Experts are not surprised by the seemingly sudden change of heart on marriage, especially among women.

"In Japan, women take the initiative to get married -- and the trend for them had been to focus on their career and enjoy single life," explained Ritsuko Matsui, a prominent psychiatrist who counseled survivors of Japan's last devastating quake around Kobe in 1995, which left more than 6,000 people dead.

"Seeing heartwarming scenes of couples and families staying together in the face of recent tragedies has made many single women realize the importance of relationships."

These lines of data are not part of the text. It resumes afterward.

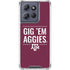 Texas A&M University Gig Em Aggies Moto G Stylus 5G (2025) Clear Case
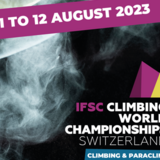 «IFSC Climbing and Paraclimbing World Championships Bern 2023»: nouveau site Internet 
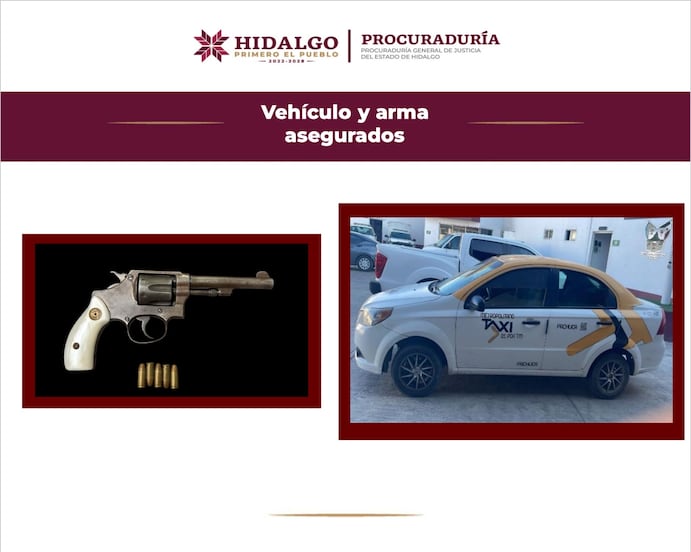 Cae taxista señalado por asaltos a tiendas y farmacia en Pachuca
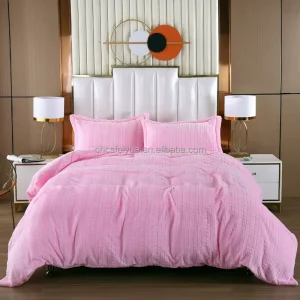 Pattern Jacquard Recycled Polyester Bedding Set for Adults Kids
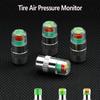 BJT1 4pcs Motorcycle Car Tire Pressure Monitor Valve Cap Sensor Indicator Auto Tire Pressure Inspection Tool Tire Valve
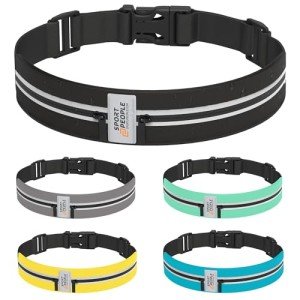 Patented Reflective Waist Pack for Trail Runners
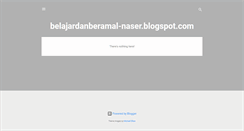 Desktop Screenshot of belajardanberamal-naser.blogspot.com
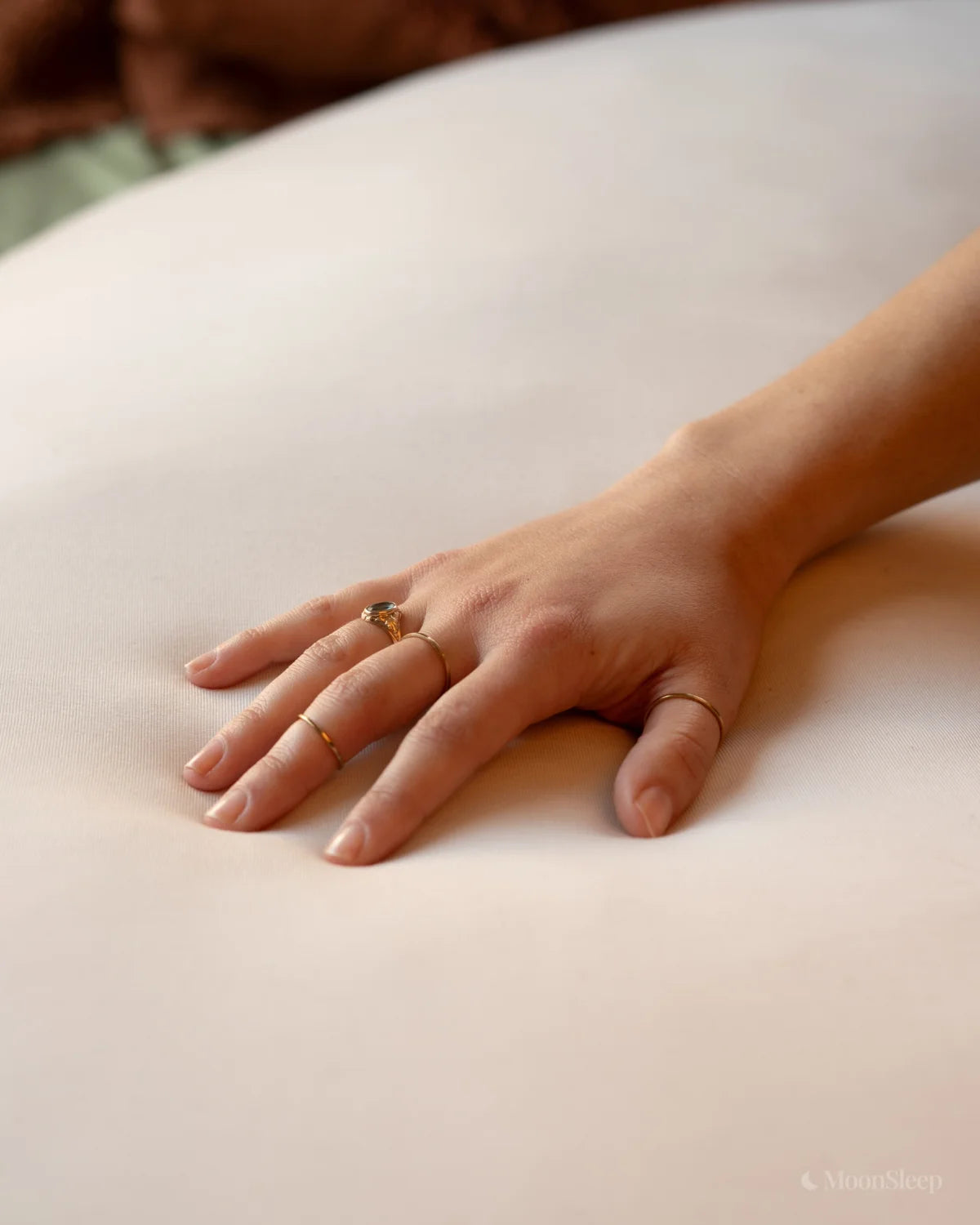 Detalle de la superficie de la almohada
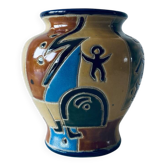 Multicolored vase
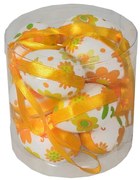 Sada veľkonočných vajíčok vzor žltý kvet v. 4 cm, 12 ks v balení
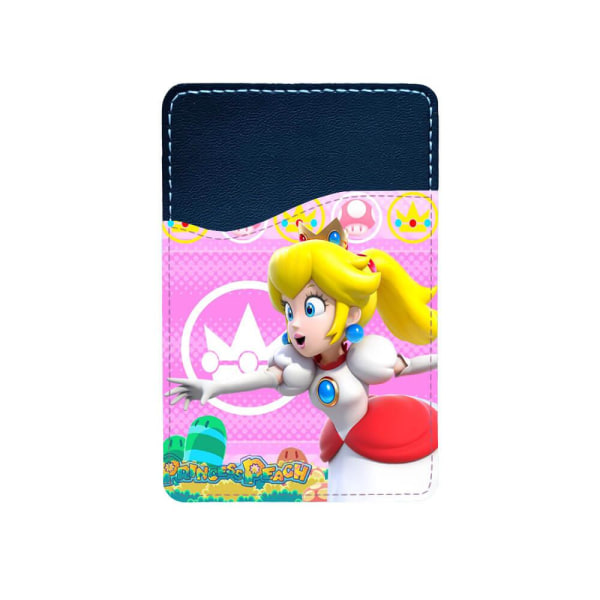 Mario Peach Självhäftande Korthållare För Mobiltelefon multifärg one size
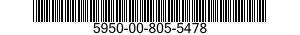 5950-00-805-5478 TRANSFORMER,POWER 5950008055478 008055478
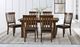 A-America® Mariposa Rustic Whiskey Dining Table-1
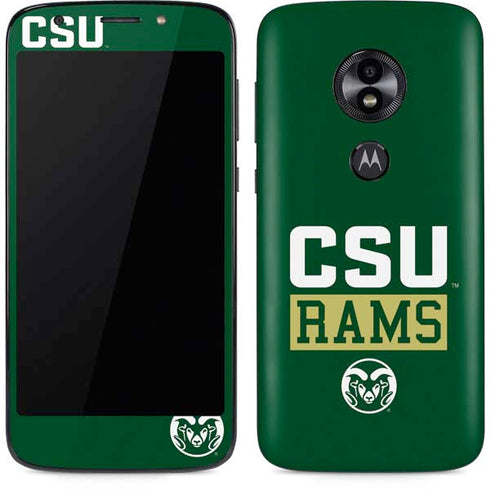 Colorado State University CSU Rams Moto E5 Play Skin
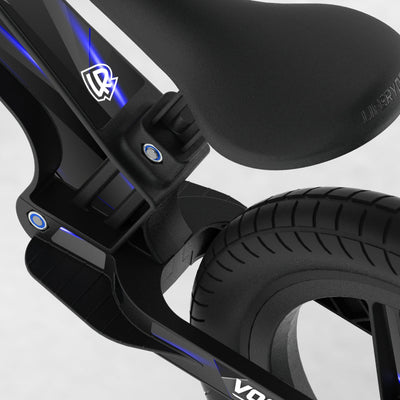 LIFERYDER VOGUE Blue Stealth EVOLV graphics balance bike detail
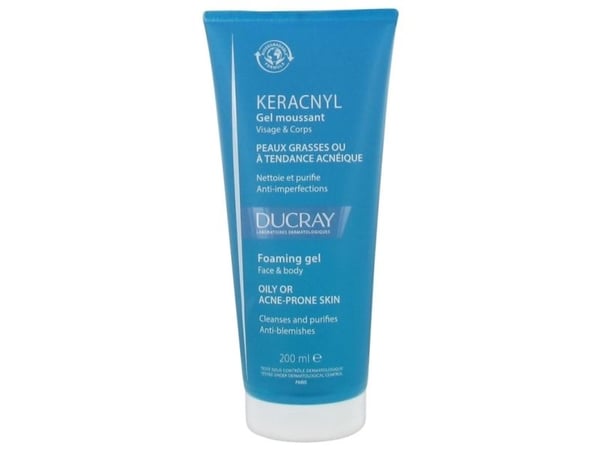 Ducray Keracnyl vaahtoava geeli 200 ml
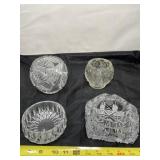 Faberge winter palace Crystal rose bowl, two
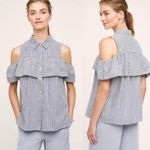 Anthropologie  Sunday in Brooklyn Scilla top Blouse small S New NWT blue RARE HTF Photo 1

This new appreciation has turned the wedding industry into an unlikely bright spot in the gloomy Japanese economy, as other sectors ranging from manufacturing to tourism struggle to recover.

Jewelers -- big and small -- have reported strong sales of engagement and wedding rings, in sharp contrast to slumping demand for other luxury items.

Koji Fujimoto owns Concept Jewelry Works, a Tokyo boutique that specializes in custom jewelry. He has seen a 20% jump in ring buyers since the disasters.

"After the quake, couples want to create something that commemorates their relationship and that they can hold forever," he said.

At the Aldobrandini bridal shop a few blocks away, Maki Maruta echoes such sentiment. Trying on her Italian-made silk wedding gown for the first time, the bride says she will walk down the aisle on May 28 with a new sense of purpose.

"The disasters reminded me the importance of family," Maruta said. "It's so important to have someone who is precious to you."